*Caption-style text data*

■ ■ ■ ■ ■

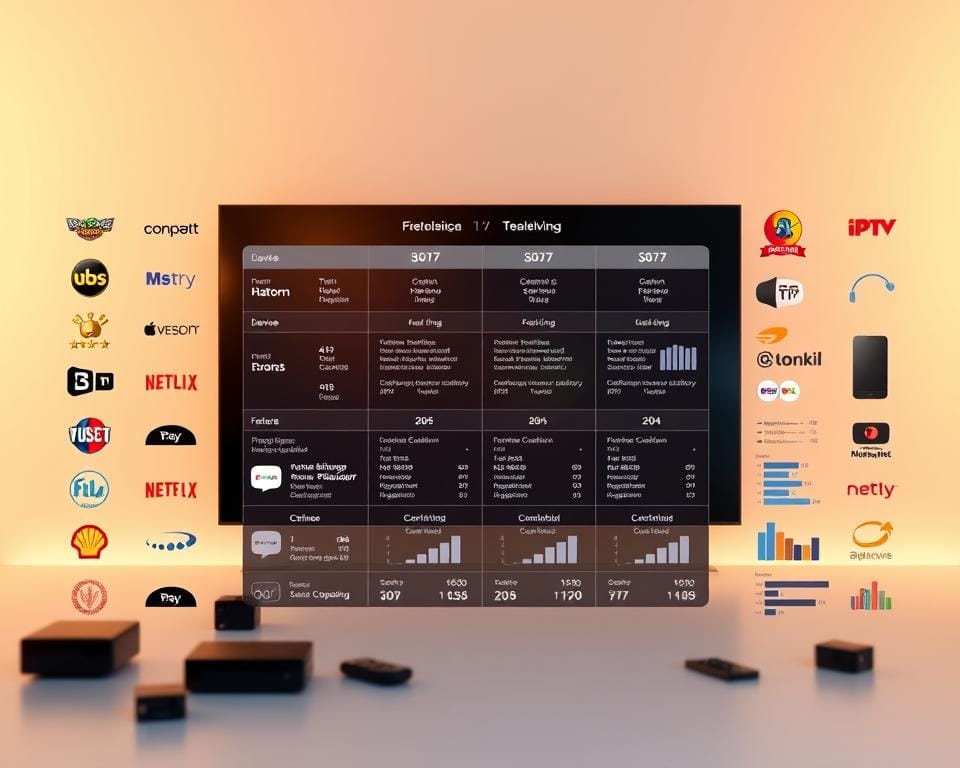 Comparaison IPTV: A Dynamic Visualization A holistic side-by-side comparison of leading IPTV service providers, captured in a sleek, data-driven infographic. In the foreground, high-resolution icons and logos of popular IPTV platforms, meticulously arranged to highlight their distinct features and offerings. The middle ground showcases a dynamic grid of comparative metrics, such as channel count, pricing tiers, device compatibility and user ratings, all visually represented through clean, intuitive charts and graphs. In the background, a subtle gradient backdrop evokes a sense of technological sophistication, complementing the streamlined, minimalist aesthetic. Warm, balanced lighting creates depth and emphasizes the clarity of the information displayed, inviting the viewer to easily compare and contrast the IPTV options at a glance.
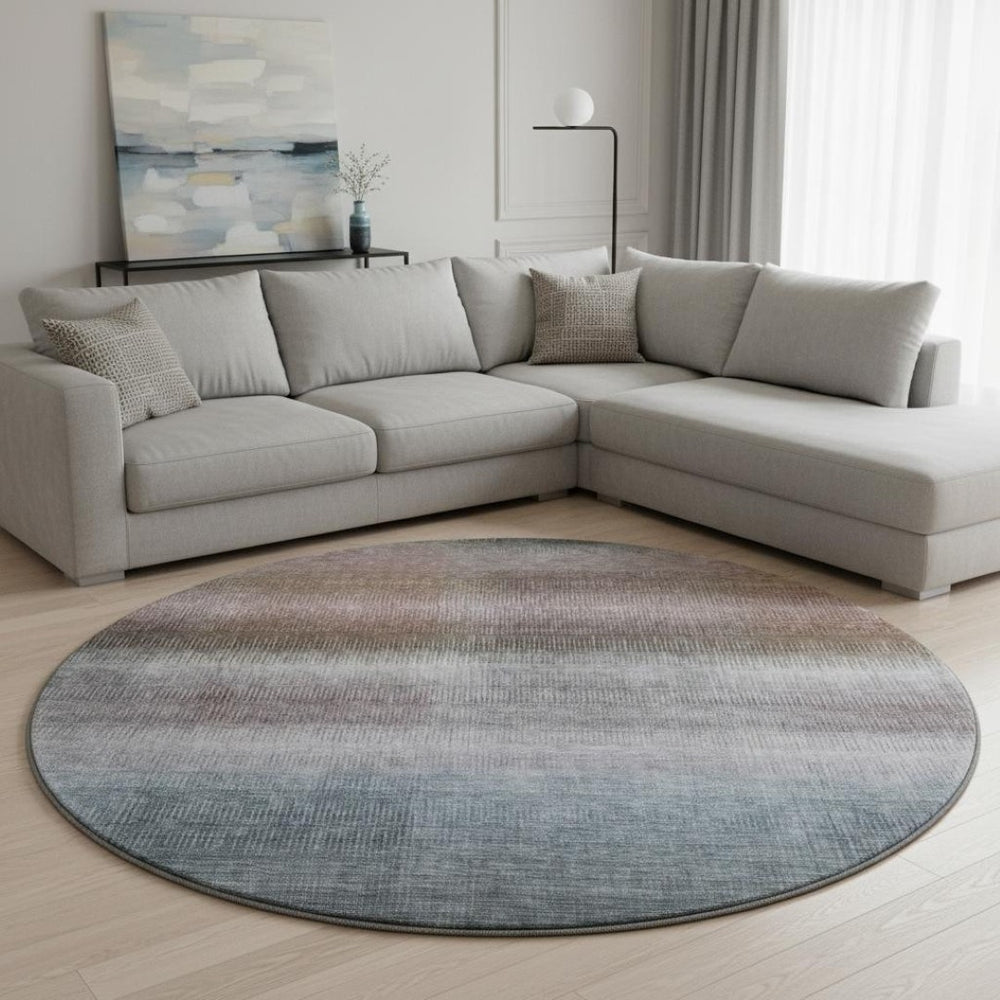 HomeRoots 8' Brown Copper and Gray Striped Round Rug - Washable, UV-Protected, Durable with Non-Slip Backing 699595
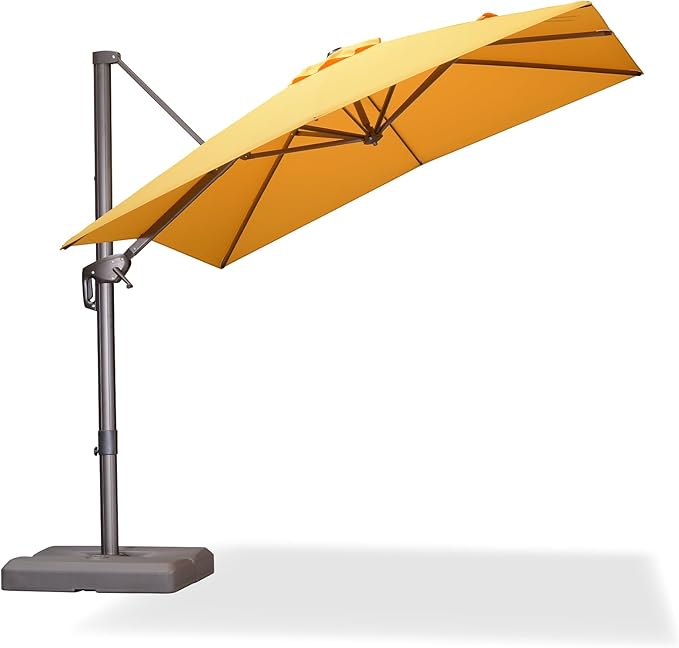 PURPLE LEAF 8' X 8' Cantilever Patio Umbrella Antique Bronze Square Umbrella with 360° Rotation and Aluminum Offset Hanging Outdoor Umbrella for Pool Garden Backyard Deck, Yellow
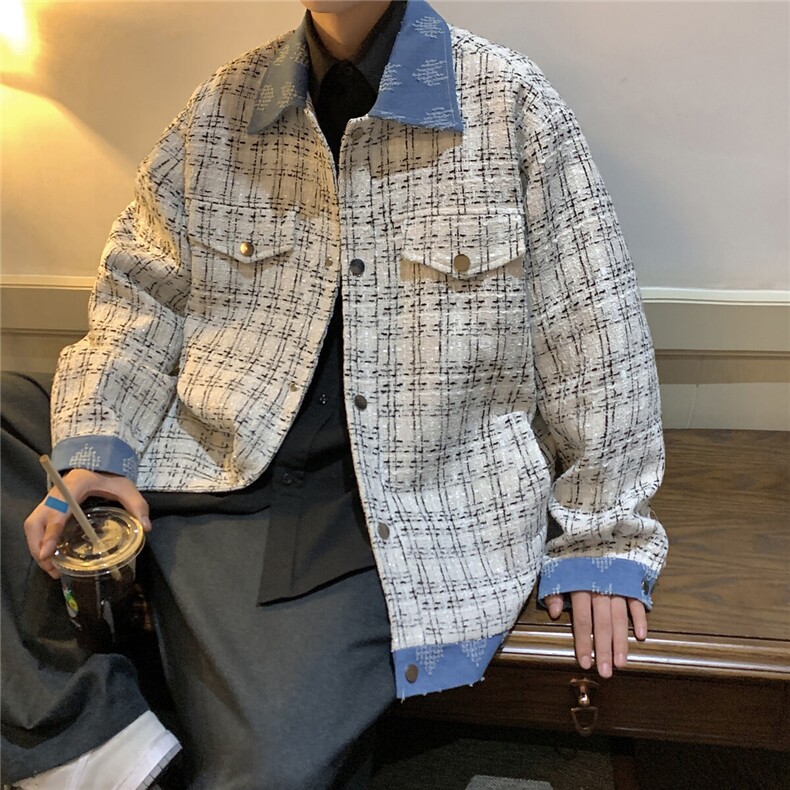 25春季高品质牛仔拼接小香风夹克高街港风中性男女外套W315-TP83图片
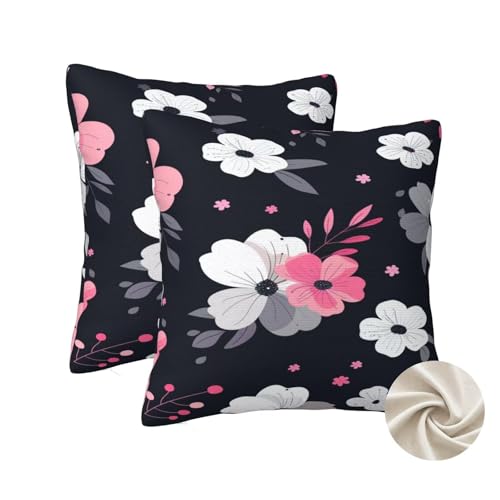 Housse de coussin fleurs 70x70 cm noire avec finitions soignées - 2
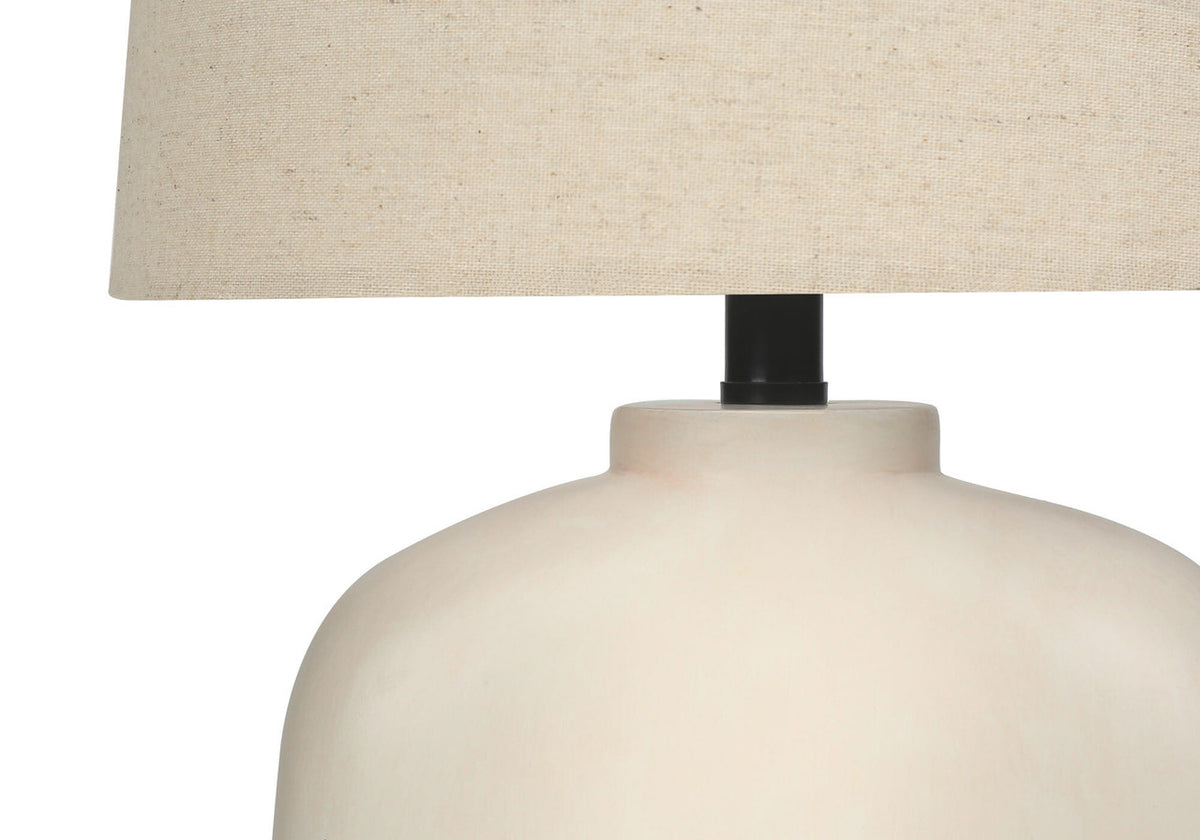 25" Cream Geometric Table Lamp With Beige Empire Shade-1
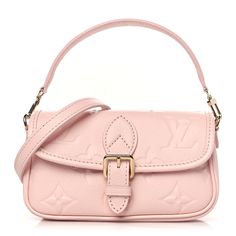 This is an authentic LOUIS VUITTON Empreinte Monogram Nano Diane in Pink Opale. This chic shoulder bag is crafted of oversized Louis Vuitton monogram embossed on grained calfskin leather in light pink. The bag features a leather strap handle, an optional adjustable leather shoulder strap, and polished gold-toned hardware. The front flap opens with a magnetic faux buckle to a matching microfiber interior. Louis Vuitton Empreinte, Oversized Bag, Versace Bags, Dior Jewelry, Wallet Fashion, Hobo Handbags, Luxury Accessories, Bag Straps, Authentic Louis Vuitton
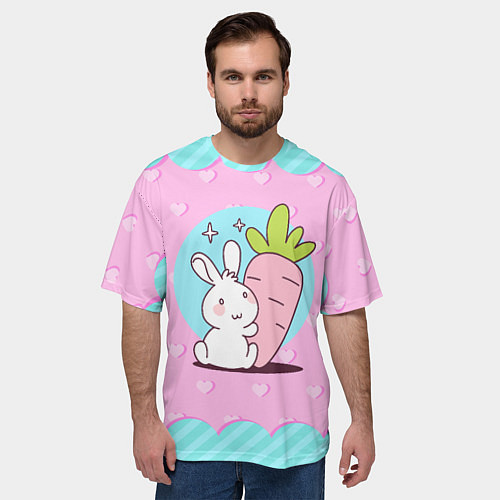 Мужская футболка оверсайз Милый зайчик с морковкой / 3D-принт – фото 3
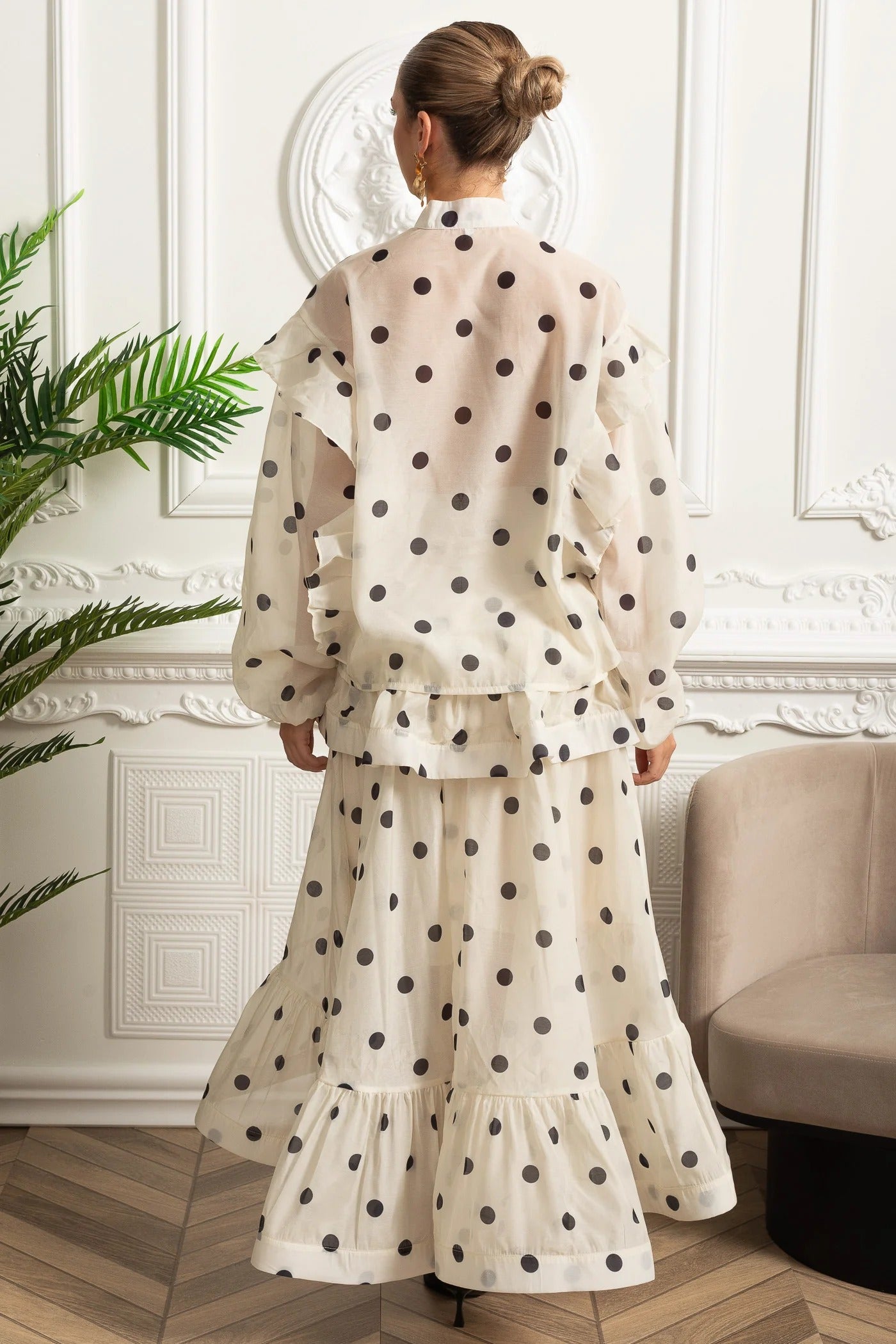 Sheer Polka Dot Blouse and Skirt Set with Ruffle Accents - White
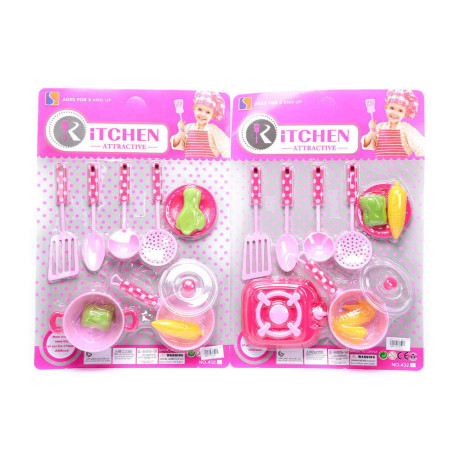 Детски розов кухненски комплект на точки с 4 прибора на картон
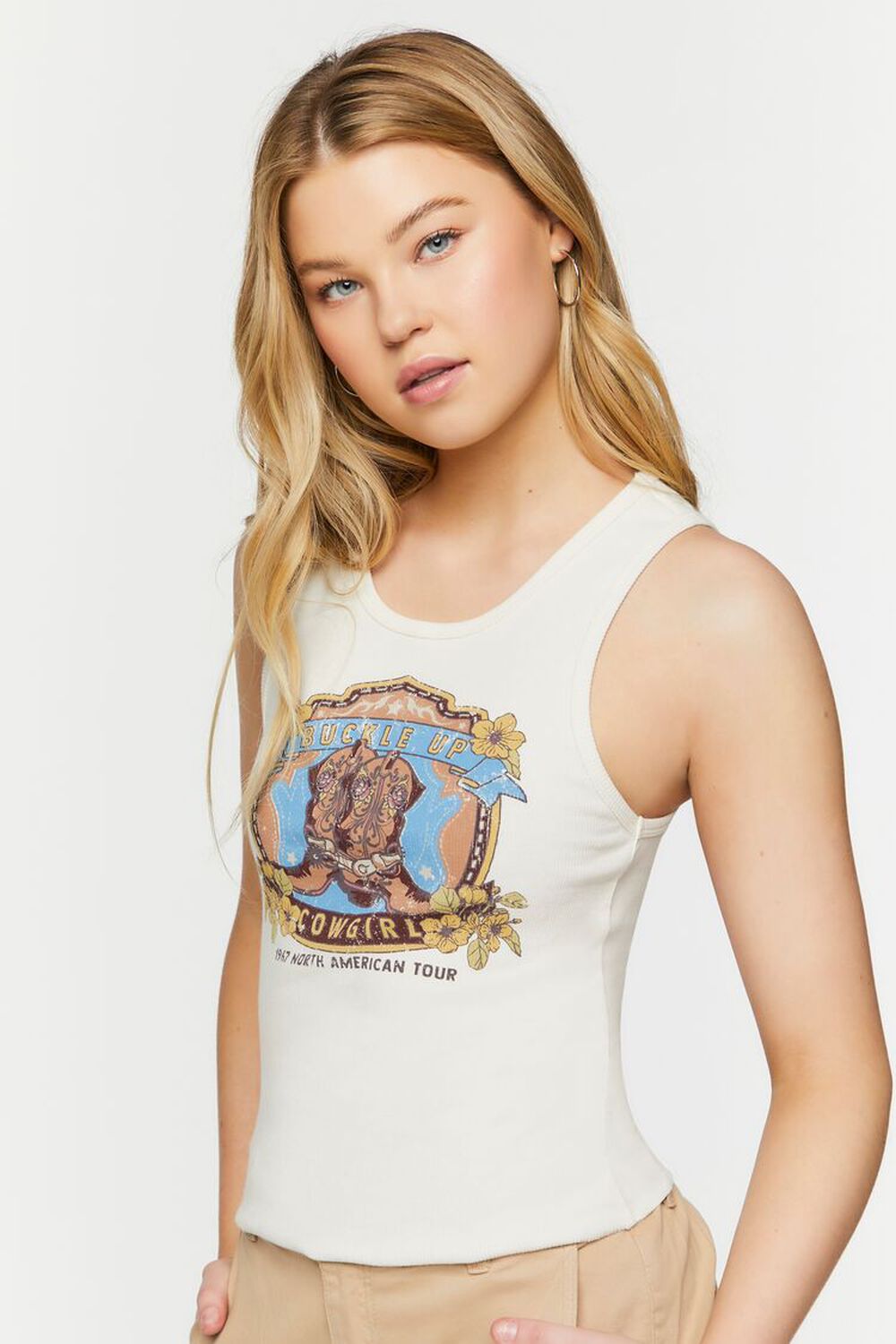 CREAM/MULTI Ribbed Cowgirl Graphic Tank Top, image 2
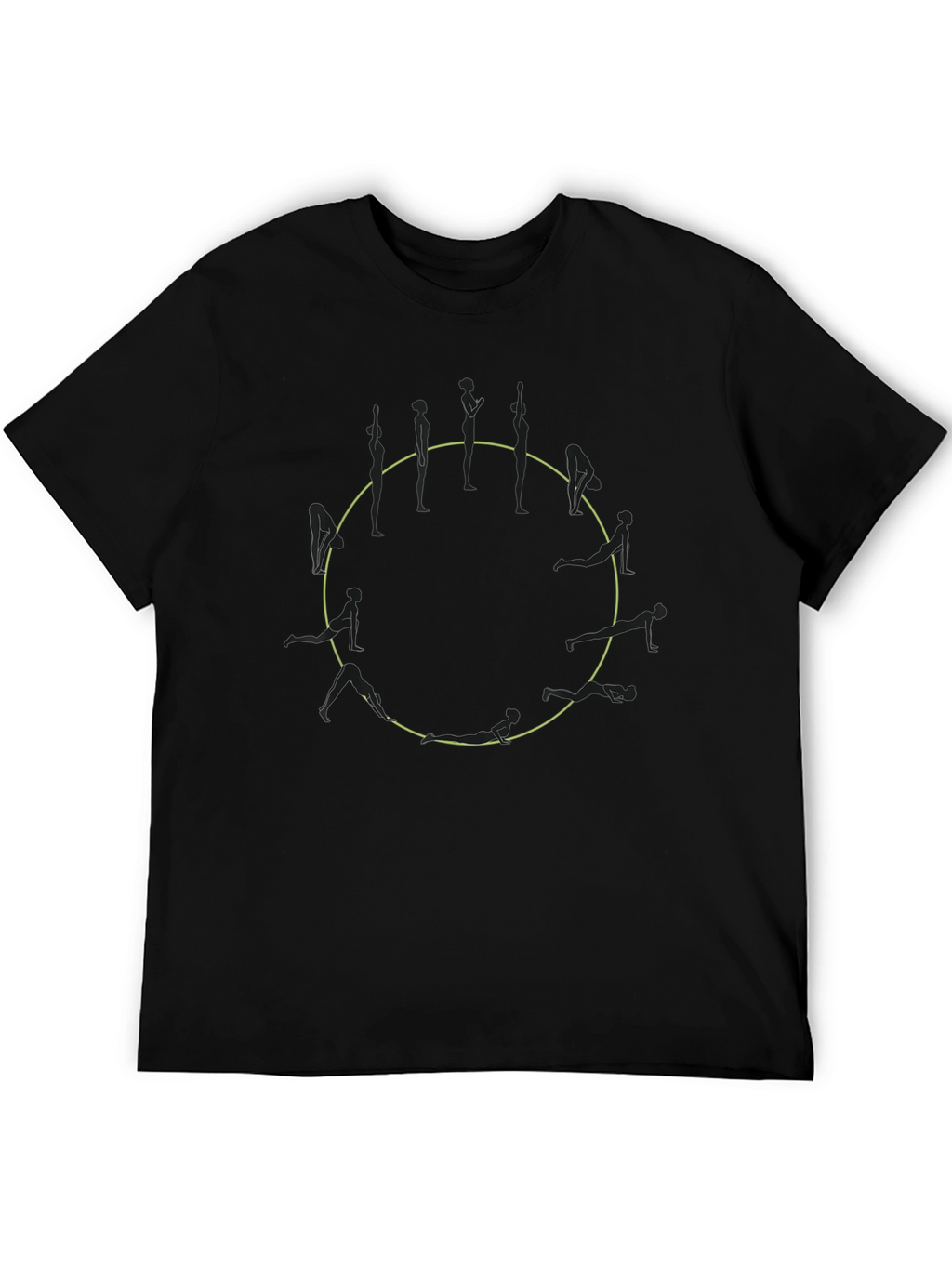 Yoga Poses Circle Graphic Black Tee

■ ■ ■ ■ ■

*EXERCISE DETAILS*
Start at the line that contains "Sheer Polka Dot" and retype every line through the end of the entries above, both ends included. Exclude all pictures.

*TASK ANSWER*
 Sheer Polka Dot Blouse and Skirt Set with Ruffle Accents - White
 Детски розов кухненски комплект на точки с 4 прибора на картон
 CREAM/MULTI Ribbed Cowgirl Graphic Tank Top, image 2
 Yoga Poses Circle Graphic Black Tee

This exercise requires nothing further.